Thursday, August 5, 2010

Child Care Costs More Than College?



This recently surfaced a few days ago and caught my eye. Now, I knew child care was expensive but it has been stated from the National Association of Child Care Resource and Referral Agencies that child care in the U.S. for one year is equal to or more than one year of college! Is that not crazy?! The topic came out on Good Morning America. Click Here to see the article and watch the video about it.

This is a huge issue for families and women who have children. Who can afford such a thing? I mean, parents try to save for college and it turns out sending their children to school is the same as sending them to college...which isn't supposed to happen in 18 more years or so. What happened from the time child care was affordable to the present time where child care seems more like a luxury than a need?

I was researching online and rummaging through random websites that providers made or discussion boards and it seems one needs to understand what makes child care so expensive. First off providers need to pay for the rent or building and all things that would go into a normal budget- so utilities, insurance, pay for employees and insurance for employees. Then the equipment comes in. When taking care of children you need cleaning supplies, craft supplies, food for every age, safe toys and things like tables and chairs. It doesn't help either that a majority of child care providers are non-profit and do not have any extra money as well. Parents do not realize that when they pay for child care they have to pay for everything their child does- so it's like paying twice, once for being in your own home and another time for your child eating and playing somewhere else. If the costs for all those individual things have gone up, then so does rates for child care.

Child care providers are not paid well by any means and take many beatings just to make sure that children are cared for during the day.
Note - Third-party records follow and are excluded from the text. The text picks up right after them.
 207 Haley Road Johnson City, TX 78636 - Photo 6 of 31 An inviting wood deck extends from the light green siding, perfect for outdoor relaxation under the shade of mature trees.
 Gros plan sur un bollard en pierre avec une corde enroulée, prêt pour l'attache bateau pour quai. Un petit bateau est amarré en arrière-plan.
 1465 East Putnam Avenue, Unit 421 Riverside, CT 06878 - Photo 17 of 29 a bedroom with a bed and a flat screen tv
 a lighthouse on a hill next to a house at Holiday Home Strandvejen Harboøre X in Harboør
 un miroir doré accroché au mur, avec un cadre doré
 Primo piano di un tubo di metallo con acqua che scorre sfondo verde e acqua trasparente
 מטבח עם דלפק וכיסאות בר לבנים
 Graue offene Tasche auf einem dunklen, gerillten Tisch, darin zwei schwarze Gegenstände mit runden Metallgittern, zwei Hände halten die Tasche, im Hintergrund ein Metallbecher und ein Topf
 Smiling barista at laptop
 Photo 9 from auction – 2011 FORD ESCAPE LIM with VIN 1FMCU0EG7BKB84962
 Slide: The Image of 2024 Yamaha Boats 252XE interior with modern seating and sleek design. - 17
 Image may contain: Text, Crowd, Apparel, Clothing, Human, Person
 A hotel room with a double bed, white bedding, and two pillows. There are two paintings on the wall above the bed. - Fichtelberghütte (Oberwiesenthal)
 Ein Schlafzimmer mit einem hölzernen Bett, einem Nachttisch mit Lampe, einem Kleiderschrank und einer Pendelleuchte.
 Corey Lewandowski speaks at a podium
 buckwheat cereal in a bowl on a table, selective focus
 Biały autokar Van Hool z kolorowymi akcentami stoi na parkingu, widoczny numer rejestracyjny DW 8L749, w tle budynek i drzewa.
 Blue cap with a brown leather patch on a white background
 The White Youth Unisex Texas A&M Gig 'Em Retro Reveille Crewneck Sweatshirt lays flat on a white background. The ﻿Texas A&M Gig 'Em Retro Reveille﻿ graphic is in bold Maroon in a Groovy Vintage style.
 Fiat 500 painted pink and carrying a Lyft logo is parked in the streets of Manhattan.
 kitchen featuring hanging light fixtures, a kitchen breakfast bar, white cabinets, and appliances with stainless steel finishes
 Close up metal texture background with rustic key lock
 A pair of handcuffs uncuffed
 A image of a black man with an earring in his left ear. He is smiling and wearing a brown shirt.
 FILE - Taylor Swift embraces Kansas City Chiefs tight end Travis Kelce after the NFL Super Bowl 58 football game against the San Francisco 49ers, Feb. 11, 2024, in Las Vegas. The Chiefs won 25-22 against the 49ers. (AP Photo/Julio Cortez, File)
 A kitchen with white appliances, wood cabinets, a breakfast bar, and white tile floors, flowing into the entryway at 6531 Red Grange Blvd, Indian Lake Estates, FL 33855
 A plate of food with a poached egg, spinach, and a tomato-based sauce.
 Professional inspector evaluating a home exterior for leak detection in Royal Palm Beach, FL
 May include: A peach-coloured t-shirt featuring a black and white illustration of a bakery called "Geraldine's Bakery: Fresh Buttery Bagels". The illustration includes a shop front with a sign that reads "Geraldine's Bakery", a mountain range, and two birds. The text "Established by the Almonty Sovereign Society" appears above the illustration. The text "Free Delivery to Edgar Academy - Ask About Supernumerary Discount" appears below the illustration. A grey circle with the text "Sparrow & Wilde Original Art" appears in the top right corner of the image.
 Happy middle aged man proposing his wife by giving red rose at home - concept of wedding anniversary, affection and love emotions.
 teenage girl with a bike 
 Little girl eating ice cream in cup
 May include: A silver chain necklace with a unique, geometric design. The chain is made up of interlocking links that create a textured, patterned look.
Most are barely getting minimum wage for roughly 12 hour shifts without any breaks other than nap time. Child care workers are saints in my book.

The other issue is when single mothers have low paying jobs or no jobs at all and on unemployment childcare is literally impossible. This is a huge strain on every family matter. Money is always a strain. Single mothers are prone to slipping into poverty and having low paying jobs, and once you slip in its hard to get out. If you work long hours for barely anything how do you feed your child and who takes care of it during the day? If you are looking for a better job who takes care of the child when you are applying places and interviewing? These questions are more easily answered when you have a partner or spouse but what happens when you don't have that?

I will leave you with this stack of information. Here is a website that gives a weekly rate of what child care costs in MN in the Twin Cities counties which is broken into cities on the chart. You can find charts like this for every state. In my home town it averages to be about $162 a week for an infant, $150 for a toddler, $138 for preschool and $128 for school age. Keep in mind when you go deeper into the city like Minneapolis it can be $200 or more for one week.

I would love to see more innovative ways to lower the costs of child care in the future for my generations future children. The way things are going right now, there is no way I could afford child care on top of my other bills. I'm sure it is like that for most people.